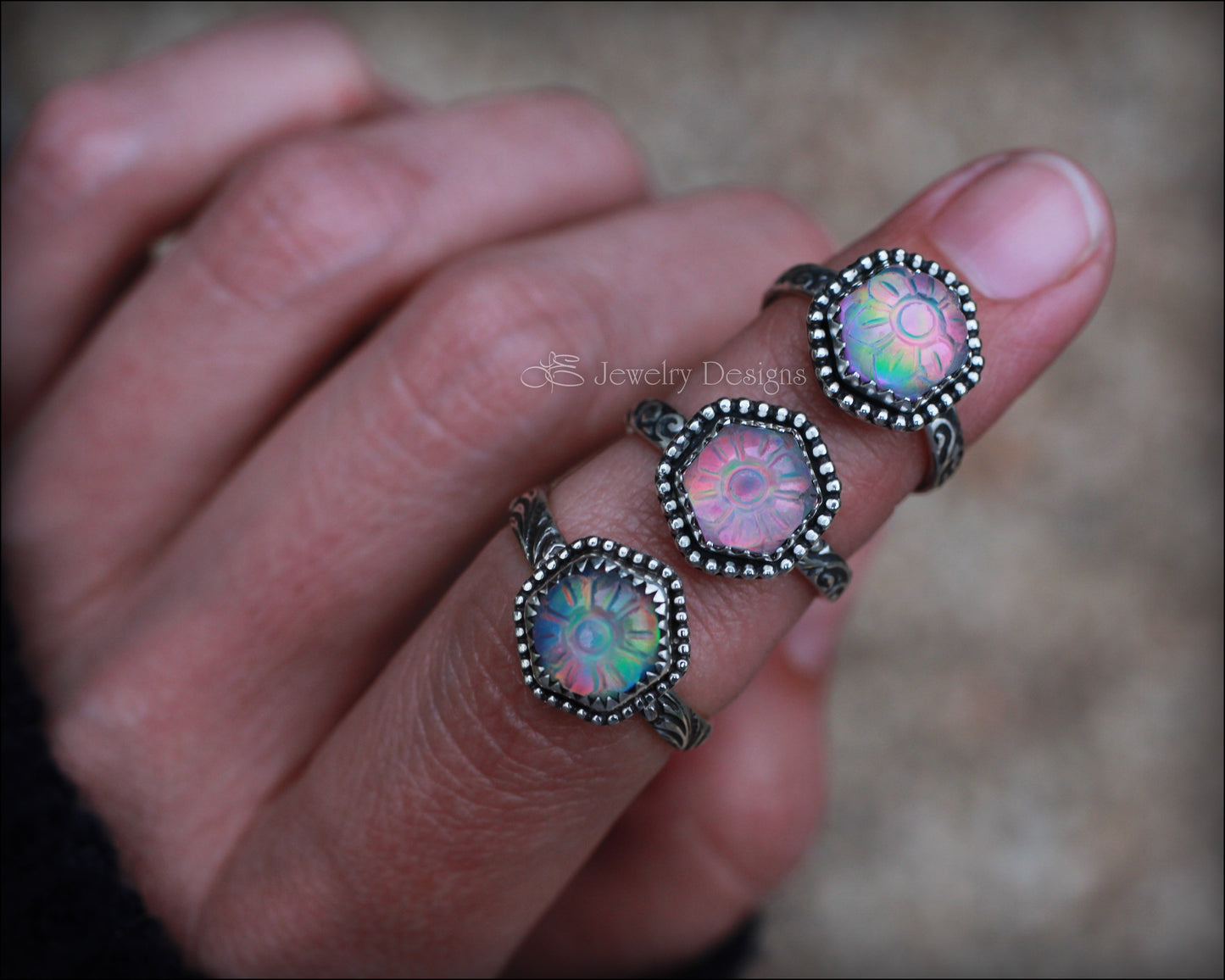 Hand Carved Hexagon Aurora Opal Floral Ring - LE Jewelry Designs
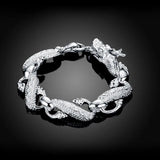 925 Sterling Silver Dragon Bracelet Cuff Men Women Thin Jewelry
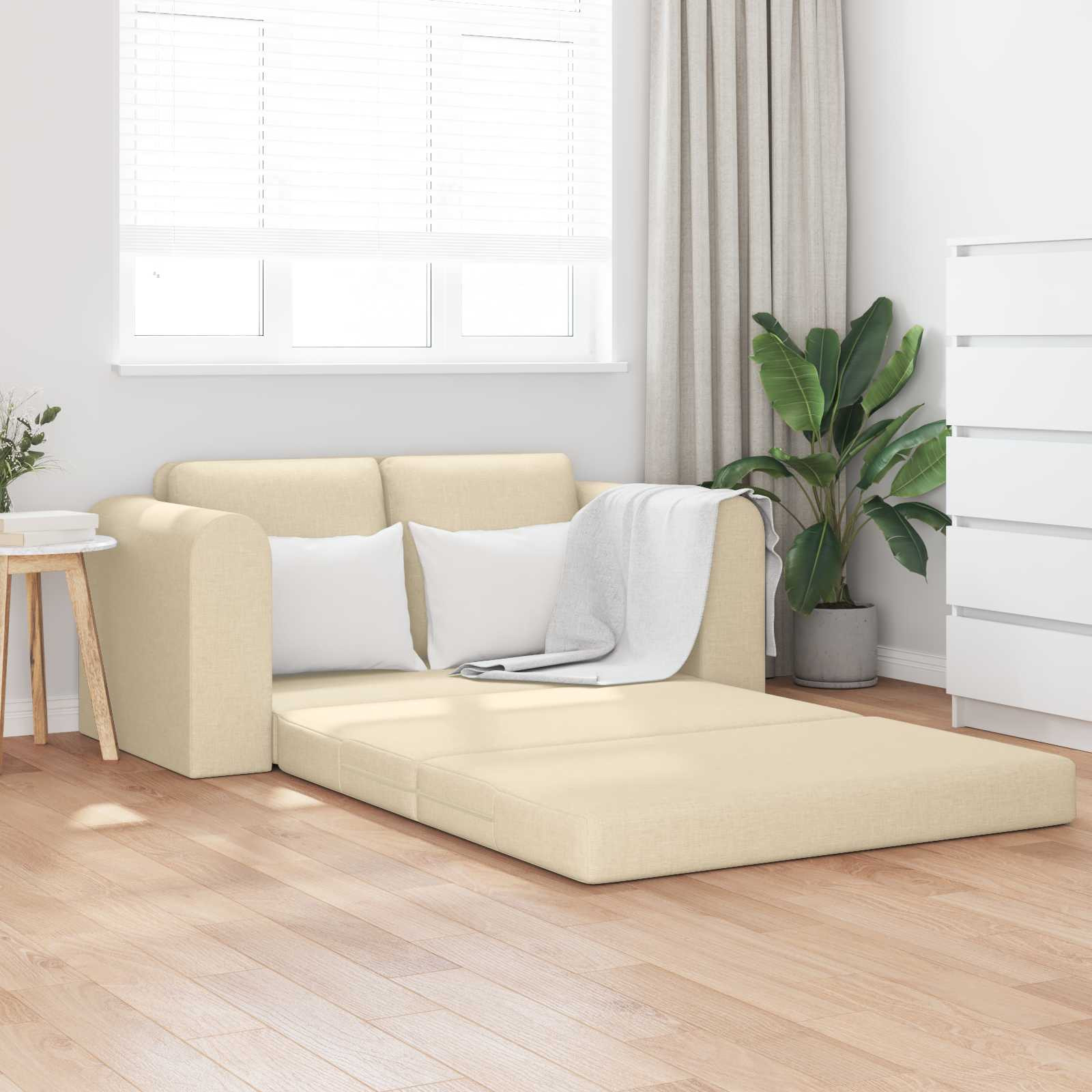 vidaXL Schlafsofa 60cm Creme Stoff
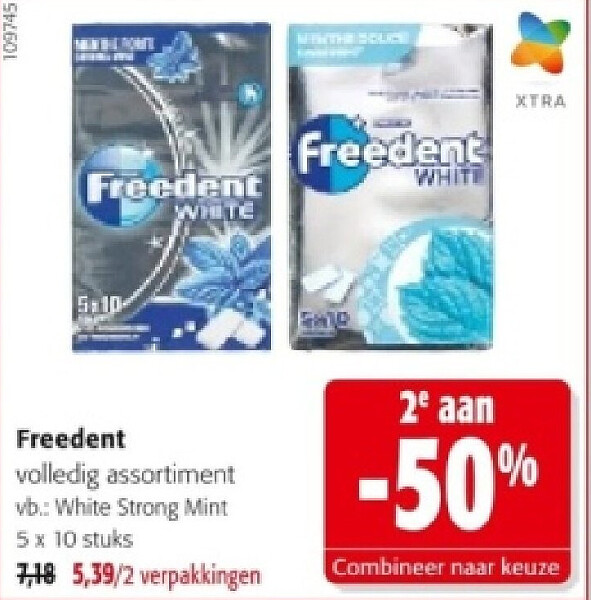 Freedent White Strong Mint 5 x 10 stuks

= What the exercise asks =
Print all of the material exactly. Omit pictures.

= Solution for this exercise =
 Hand Carved Hexagon Aurora Opal Floral Ring - LE Jewelry Designs
 925 Sterling Silver Dragon Bracelet Cuff Men Women Thin Jewelry
 vidaXL Schlafsofa 60cm Creme Stoff
 Freedent White Strong Mint 5 x 10 stuks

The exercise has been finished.